Clinton has benefited more from the debates than Trump has
Tonight is the third and final presidential debate, and it takes place at 9:00 pm ET in Las Vegas, NV. Our most recent NBC/WSJ poll found 31% of voters saying the previous two presidential debates made them more likely to back Hillary Clinton, versus 14% who said they made them more likely to support Trump; 52% said the debates made no difference.
Rockin the suburbs
One of the biggest reasons why Clinton is really pulling away from Trump? It's all about the suburbs. The urban suburbs, a set of densely-populated, wealthy and well-educated counties, have swung heavily to Clinton since the summer. NBC News merged data from the last two NBC/WSJ polls, both in the field in the last two weeks, and found Clinton had a 26-point edge in those counties. A set of polls taken over this summer showed she had a much smaller 13-point lead in the same areas. In 2012, President Barack Obama carried the urban suburbs by 16 points, 10 points less than Clinton's current margin.
Trump's term limits pledge
Yesterday, the GOP nominee pledged to push for term limits for members of Congress - six years for House members and 12 years for senators. Yes, term limits are a common conservative proposal, but if you wanted more proof that Trump is running against the GOP -- which happens to be in control of Congress -- this pledge is it. What does this say for Richard Burr, Chuck Grassley, and John McCain? (Not to mention close Trump adviser Jeff Sessions?)
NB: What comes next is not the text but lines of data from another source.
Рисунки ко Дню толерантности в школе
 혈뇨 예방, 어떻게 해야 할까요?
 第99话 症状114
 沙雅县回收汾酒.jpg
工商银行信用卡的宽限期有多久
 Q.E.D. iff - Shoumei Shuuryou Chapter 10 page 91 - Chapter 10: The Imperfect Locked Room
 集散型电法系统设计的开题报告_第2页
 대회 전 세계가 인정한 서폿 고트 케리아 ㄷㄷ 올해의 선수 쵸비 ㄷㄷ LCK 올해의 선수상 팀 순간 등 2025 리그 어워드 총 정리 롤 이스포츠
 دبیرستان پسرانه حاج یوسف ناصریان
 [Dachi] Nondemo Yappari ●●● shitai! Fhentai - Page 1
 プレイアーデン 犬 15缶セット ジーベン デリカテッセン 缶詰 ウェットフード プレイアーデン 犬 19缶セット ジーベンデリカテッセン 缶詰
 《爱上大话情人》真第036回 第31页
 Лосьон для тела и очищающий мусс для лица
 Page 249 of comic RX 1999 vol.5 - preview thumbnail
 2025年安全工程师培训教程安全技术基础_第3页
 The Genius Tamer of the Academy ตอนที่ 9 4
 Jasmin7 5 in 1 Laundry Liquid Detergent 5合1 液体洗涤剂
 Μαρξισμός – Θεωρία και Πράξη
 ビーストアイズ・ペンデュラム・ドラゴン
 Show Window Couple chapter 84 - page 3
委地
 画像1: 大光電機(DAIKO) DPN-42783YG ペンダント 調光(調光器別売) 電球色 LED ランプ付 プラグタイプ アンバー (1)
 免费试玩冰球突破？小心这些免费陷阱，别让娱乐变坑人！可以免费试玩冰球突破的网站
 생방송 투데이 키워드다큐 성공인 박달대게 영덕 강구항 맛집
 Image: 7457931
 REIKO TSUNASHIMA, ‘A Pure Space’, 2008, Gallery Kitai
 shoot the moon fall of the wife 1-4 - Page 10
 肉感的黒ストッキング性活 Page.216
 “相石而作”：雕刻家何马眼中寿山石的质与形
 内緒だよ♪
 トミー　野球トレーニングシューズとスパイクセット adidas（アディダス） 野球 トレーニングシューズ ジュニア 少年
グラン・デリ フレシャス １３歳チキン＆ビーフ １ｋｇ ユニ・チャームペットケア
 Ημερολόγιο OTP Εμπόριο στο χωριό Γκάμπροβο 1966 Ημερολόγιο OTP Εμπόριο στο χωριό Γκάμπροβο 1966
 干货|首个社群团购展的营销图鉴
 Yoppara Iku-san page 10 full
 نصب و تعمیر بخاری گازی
First Read's downballot race of the day
Wisconsin: Democrat Russ Feingold was bounced from his seat in 2010, and he's trying to snatch it back this cycle from his old rival, Republican Ron Johnson. The two men are ideologically opposed in this traditionally blue-leaning state; Feingold is a progressive champion, while Johnson has been a staunch conservative. If Feingold is victorious, it will be the first time since 1934 that an ousted senator came back six years later to defeat his former foe.
On the trail
Tim Kaine campaigns in Ohio and North Carolina… Mike Pence hits Colorado… Bernie Sanders campaigns for Clinton in Nevada… And Chelsea Clinton is in Arizona.